To do: Could you copy exactly the lines below from the one with "Zapatos de niña" to the one with "Condo in Kihei", inclusive, leaving out any pictures?

Data for review:
####################

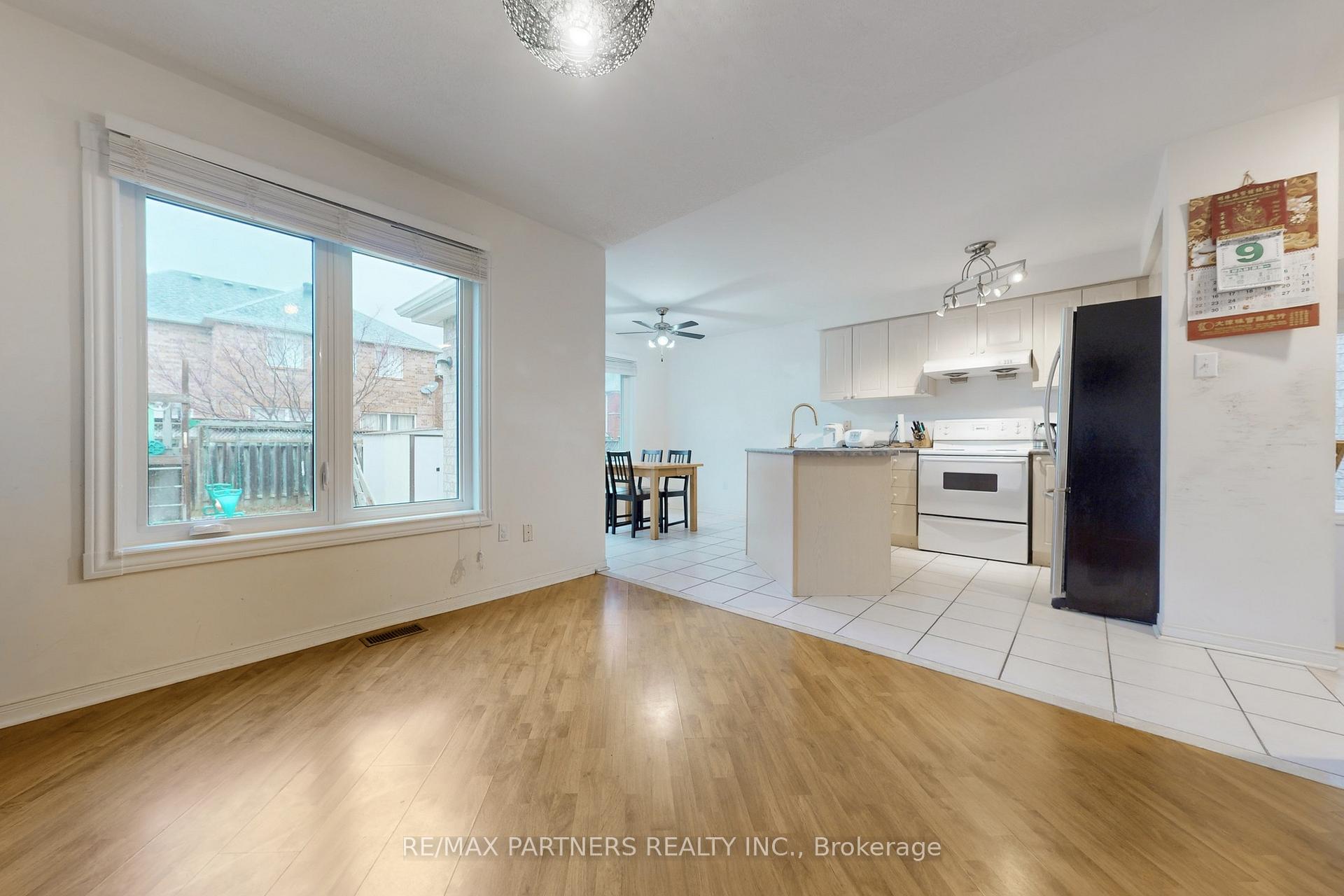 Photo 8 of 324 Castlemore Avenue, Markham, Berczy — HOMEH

####################

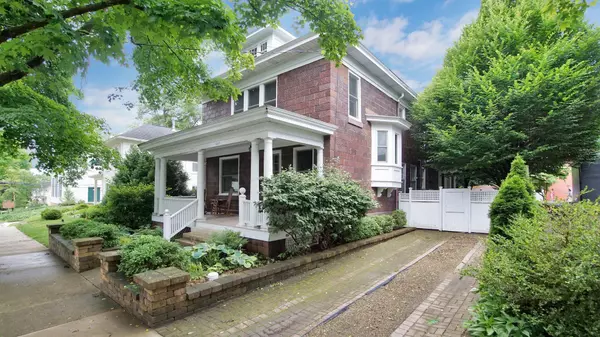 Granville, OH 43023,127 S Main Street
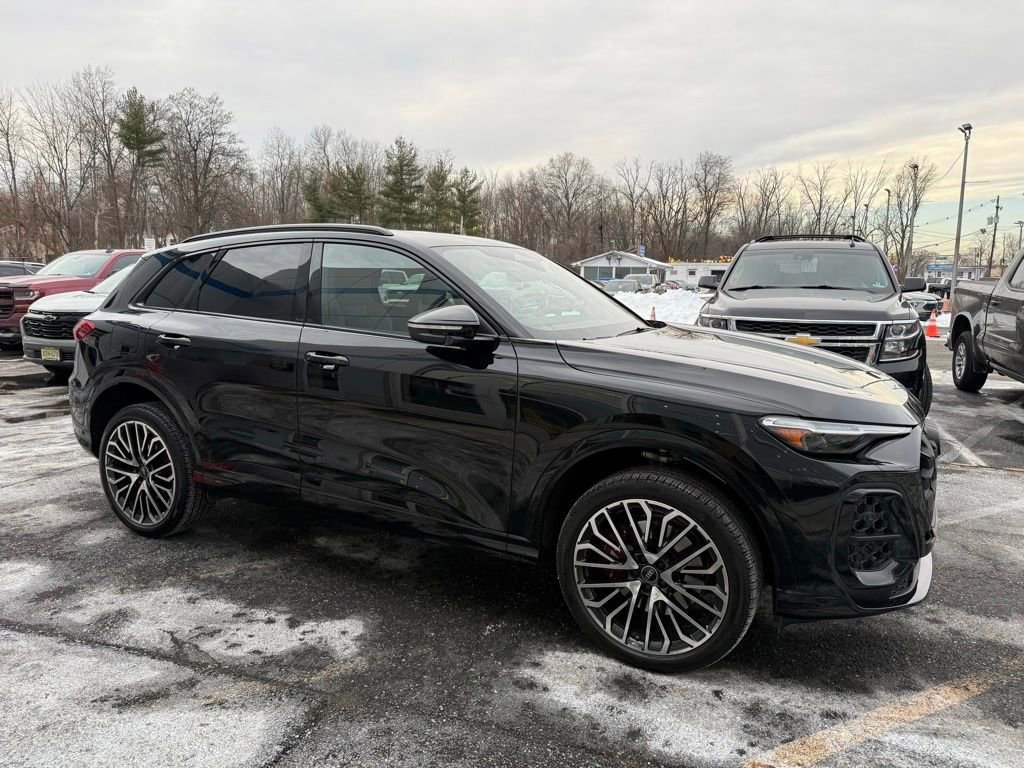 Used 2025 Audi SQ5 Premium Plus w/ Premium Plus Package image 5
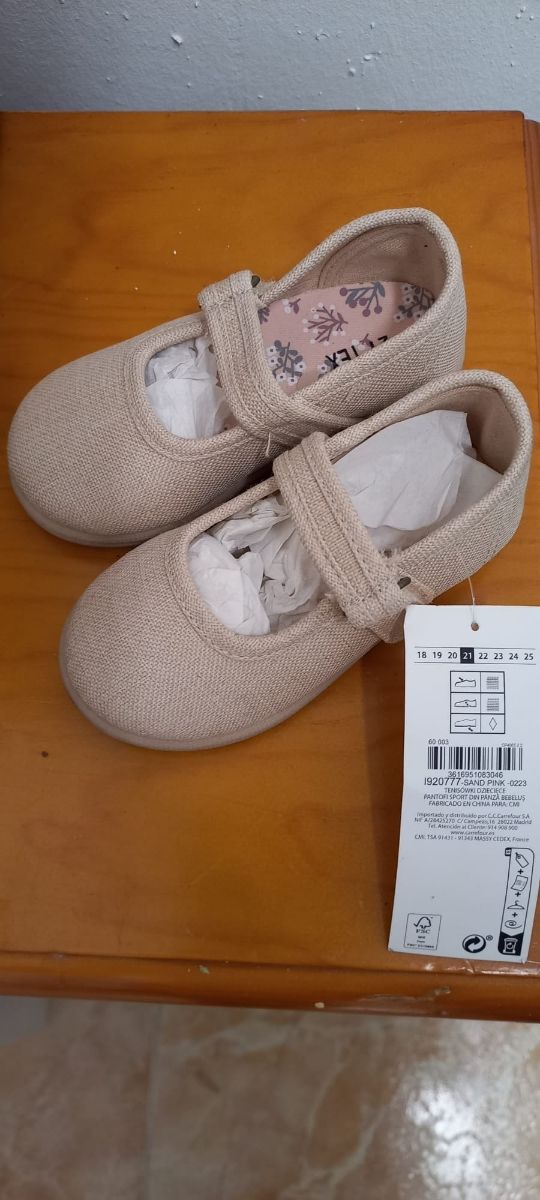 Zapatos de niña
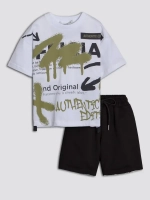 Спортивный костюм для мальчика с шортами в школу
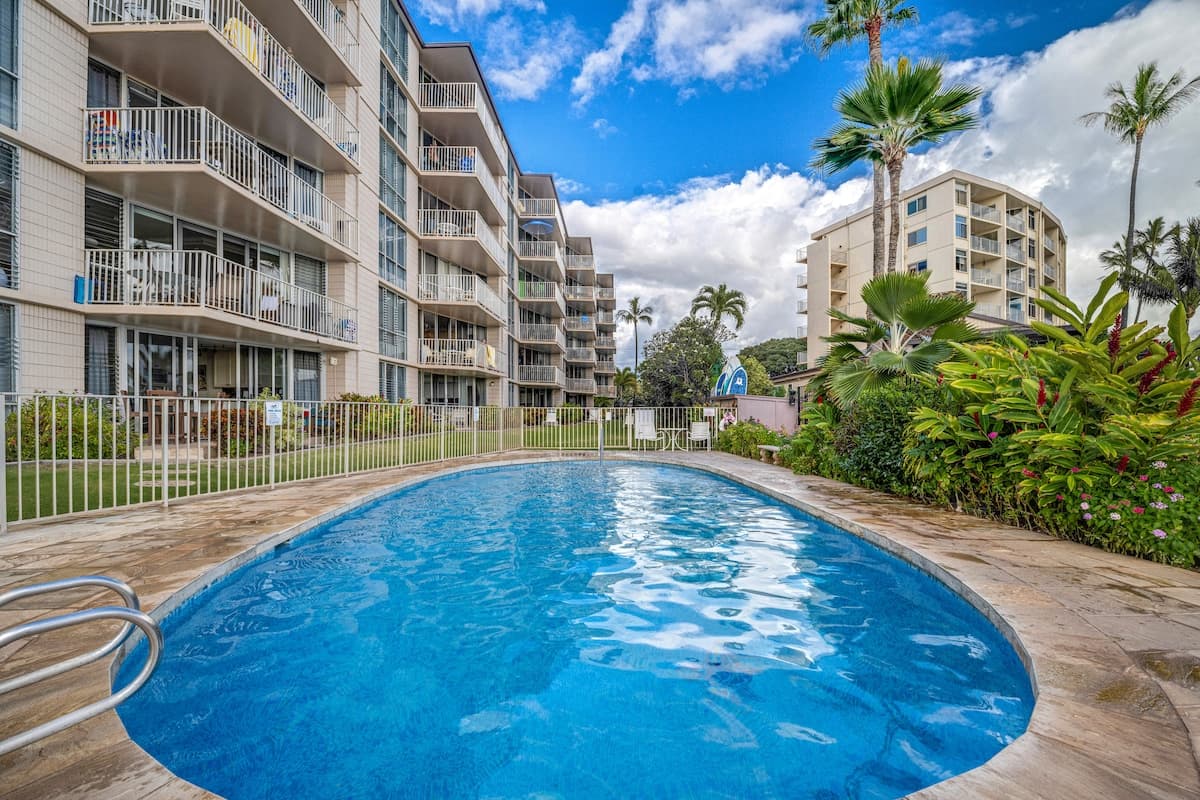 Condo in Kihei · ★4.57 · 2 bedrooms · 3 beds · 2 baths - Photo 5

####################

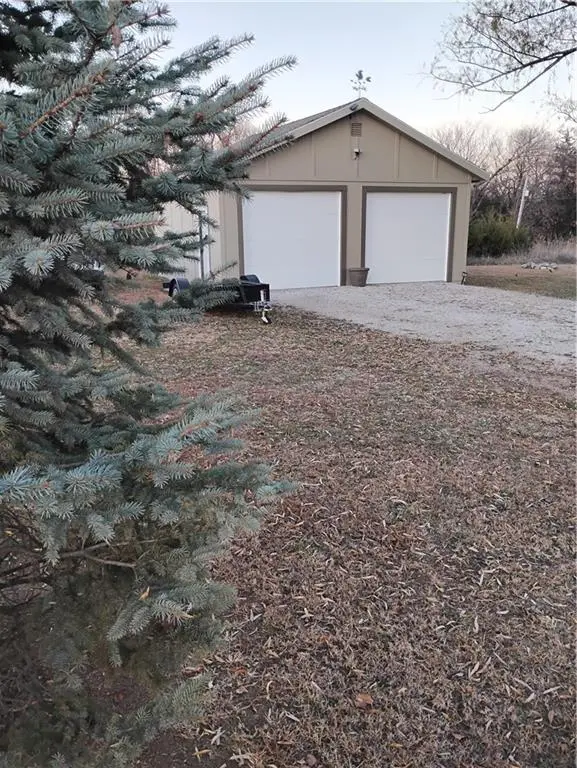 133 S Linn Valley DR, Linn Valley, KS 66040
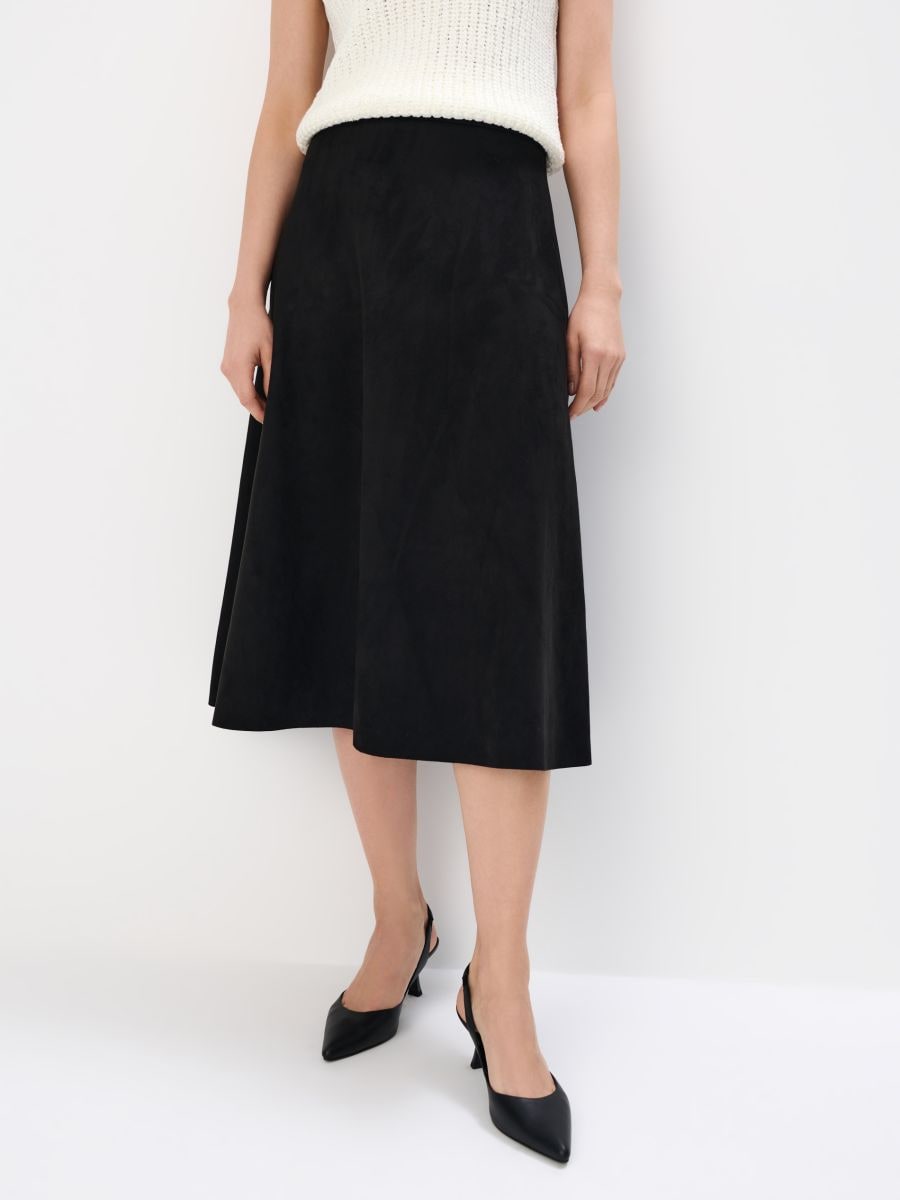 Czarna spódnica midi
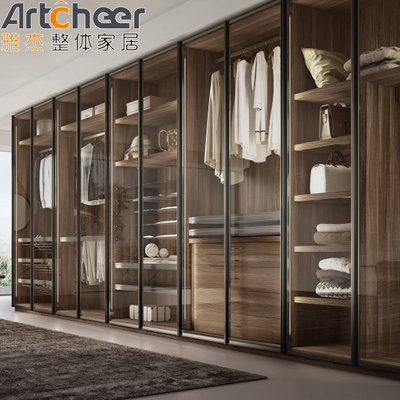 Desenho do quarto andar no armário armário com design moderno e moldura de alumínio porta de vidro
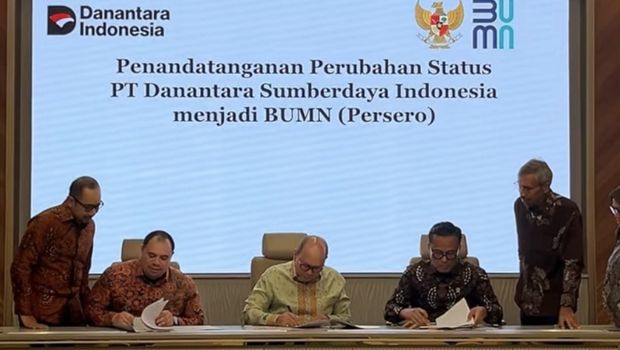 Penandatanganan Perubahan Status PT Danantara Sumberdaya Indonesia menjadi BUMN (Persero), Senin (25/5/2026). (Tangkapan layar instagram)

####################

Output:
 Zapatos de niña
 Спортивный костюм для мальчика с шортами в школу
 Condo in Kihei · ★4.57 · 2 bedrooms · 3 beds · 2 baths - Photo 5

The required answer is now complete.